(What this task involves): Nothing but the pictures should be left out when the entries below are duplicated.

(Materials provided):
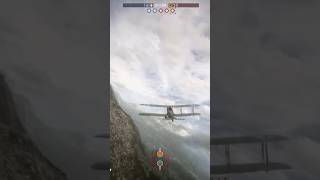 Download Lagu JANGAN PERNAH MENEMBAK AKU DARI BELAKANG , BATTLEFIELD 1 PILOT MP3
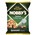Nobbys Salted Mixed Nuts 375g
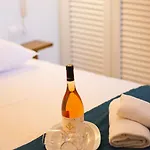 Beko Corfu House Appartement *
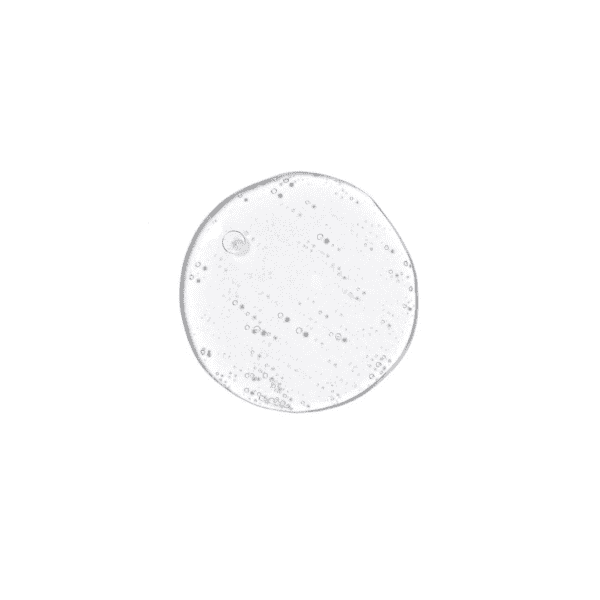 skinbetter cleansing gel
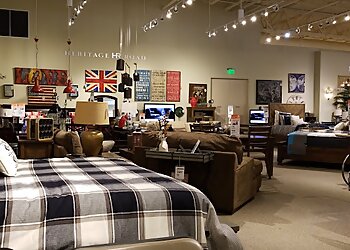 West Palm Beach Furniture Stores Ashley West Palm Beach
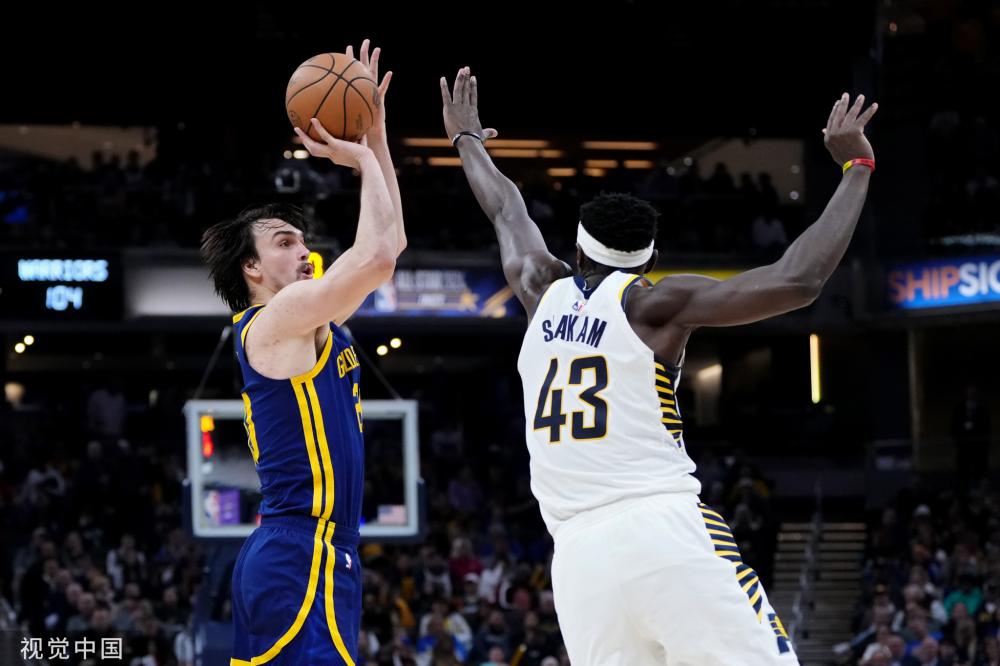 迪奥戈的存 迪奥戈的存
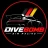 DBSimRacing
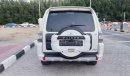 Mitsubishi Pajero GLS - Full Option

(Problem solution):
 Download Lagu JANGAN PERNAH MENEMBAK AKU DARI BELAKANG , BATTLEFIELD 1 PILOT MP3
Nobbys Salted Mixed Nuts 375g
 Beko Corfu House Appartement *
 skinbetter cleansing gel
 West Palm Beach Furniture Stores Ashley West Palm Beach
 迪奥戈的存 迪奥戈的存
 DBSimRacing
 Mitsubishi Pajero GLS - Full Option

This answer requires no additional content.